- _WORK TASK_
Return the lines of the material below exactly, beginning with the line that has "Used 2022 Nissan" in it and finishing with the line that has "Vítor Pereira é" in it. Leave all pictures aside.

:: RECORDS FOR THIS TASK

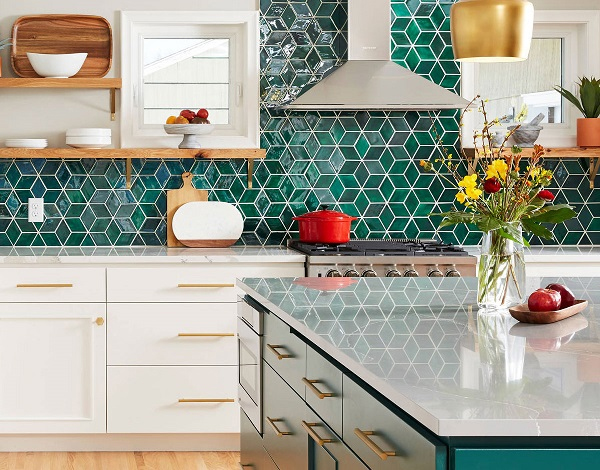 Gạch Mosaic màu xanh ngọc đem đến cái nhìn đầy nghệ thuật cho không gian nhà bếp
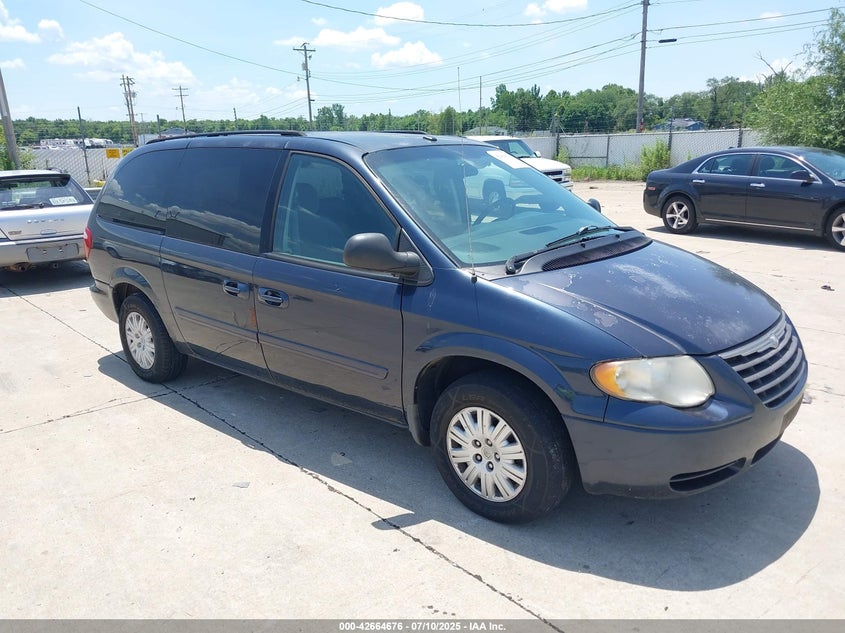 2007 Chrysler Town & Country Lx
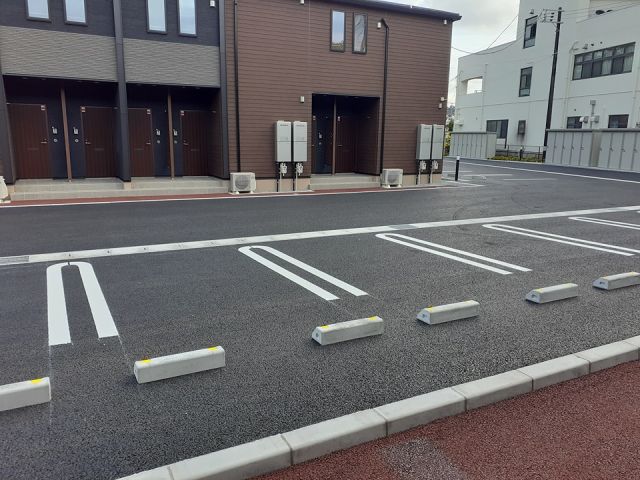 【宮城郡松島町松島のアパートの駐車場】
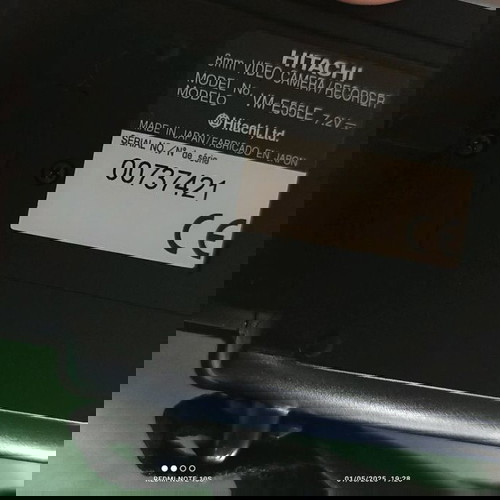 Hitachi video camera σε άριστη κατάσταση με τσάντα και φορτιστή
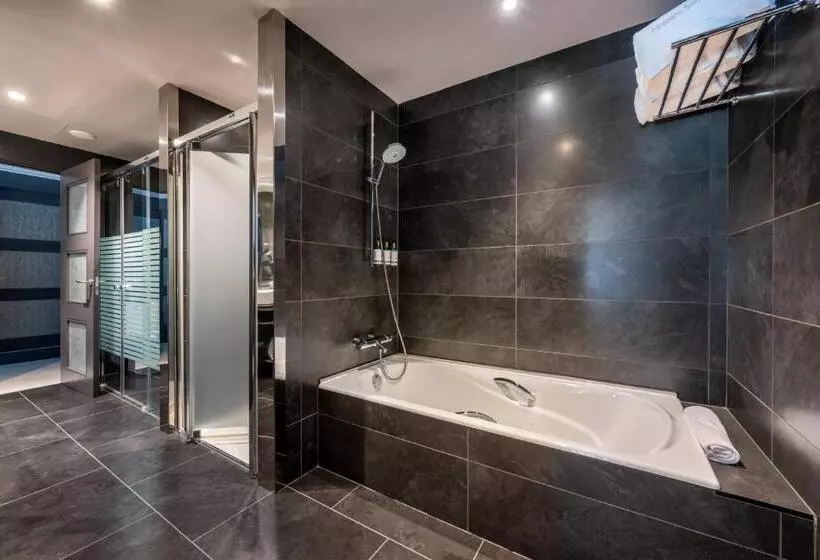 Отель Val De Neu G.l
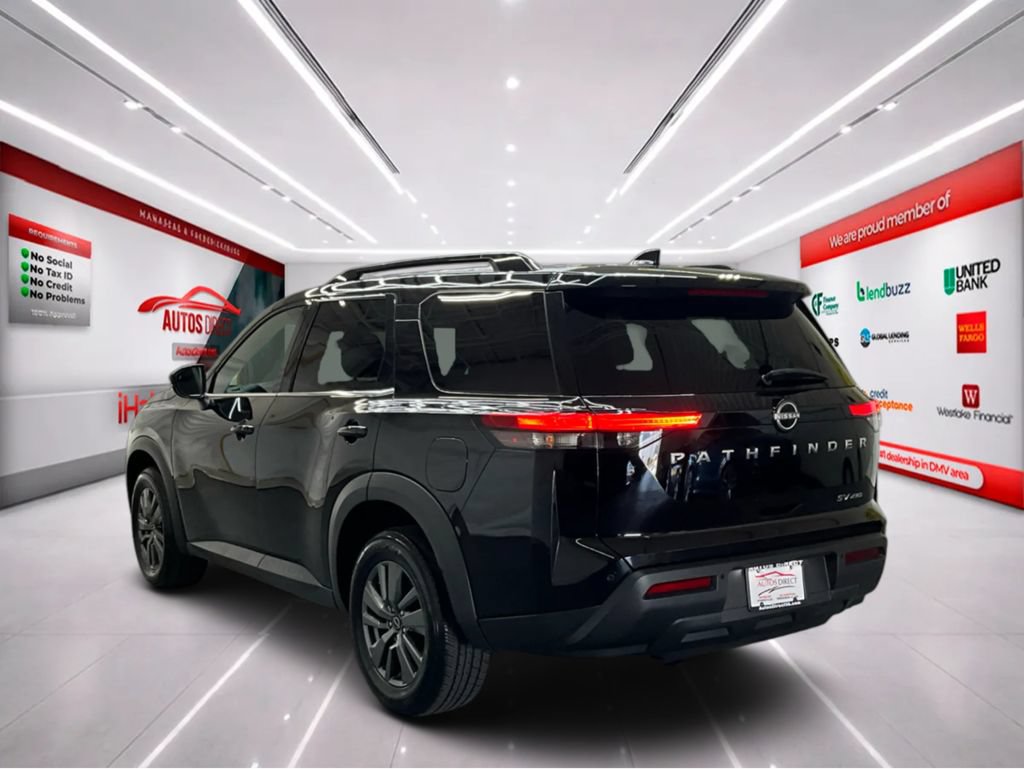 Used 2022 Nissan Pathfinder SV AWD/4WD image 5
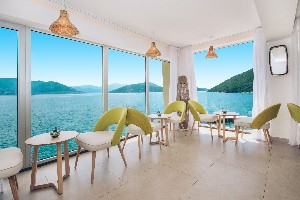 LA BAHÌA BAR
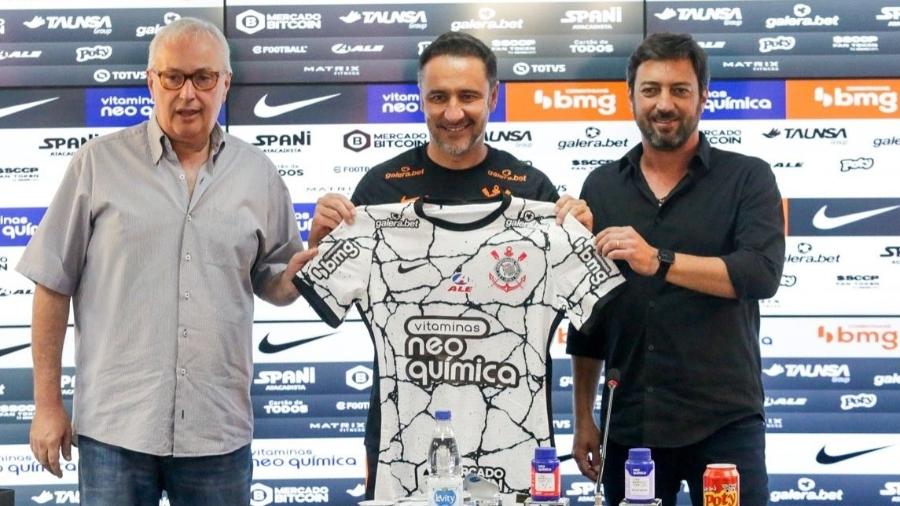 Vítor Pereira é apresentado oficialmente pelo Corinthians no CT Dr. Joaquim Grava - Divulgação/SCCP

::::
:: RECORDS FOR THIS TASK

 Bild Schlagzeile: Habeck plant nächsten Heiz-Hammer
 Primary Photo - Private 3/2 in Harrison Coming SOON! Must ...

::::
:: RECORDS FOR THIS TASK

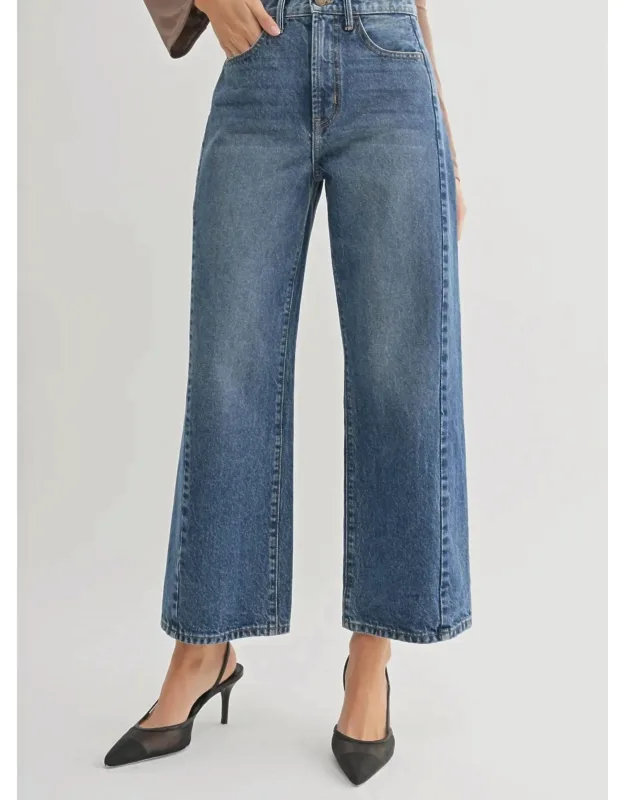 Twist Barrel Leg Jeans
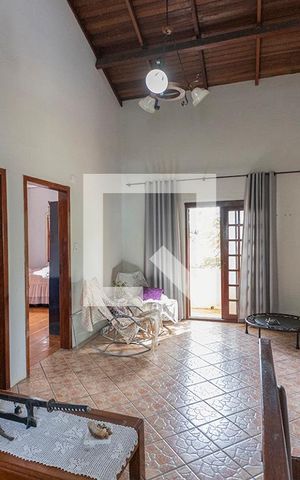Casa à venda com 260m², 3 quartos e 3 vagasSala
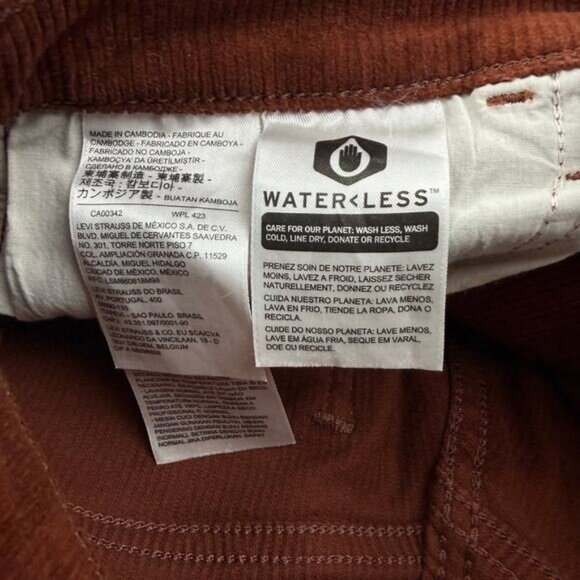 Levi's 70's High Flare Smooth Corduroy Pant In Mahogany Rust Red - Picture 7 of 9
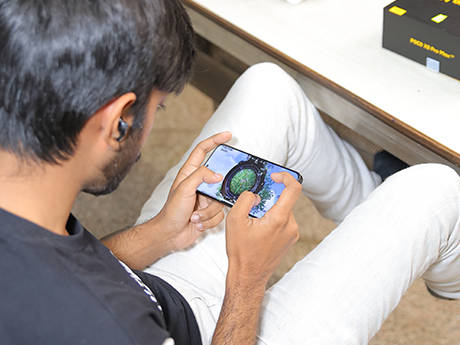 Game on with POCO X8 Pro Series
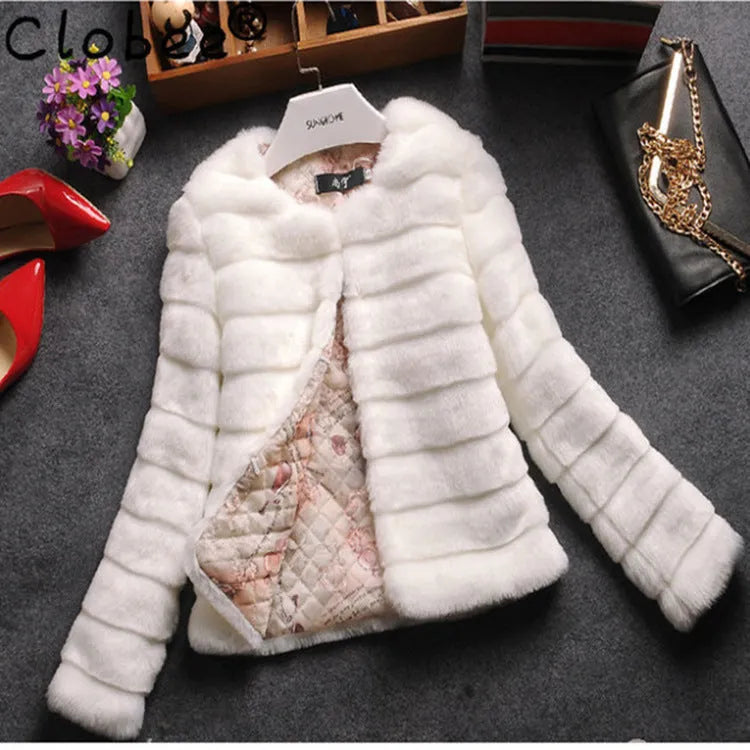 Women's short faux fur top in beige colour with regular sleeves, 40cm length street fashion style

::::

- _WORKED SOLUTION_
 Used 2022 Nissan Pathfinder SV AWD/4WD image 5
 LA BAHÌA BAR
 Vítor Pereira é apresentado oficialmente pelo Corinthians no CT Dr. Joaquim Grava - Divulgação/SCCP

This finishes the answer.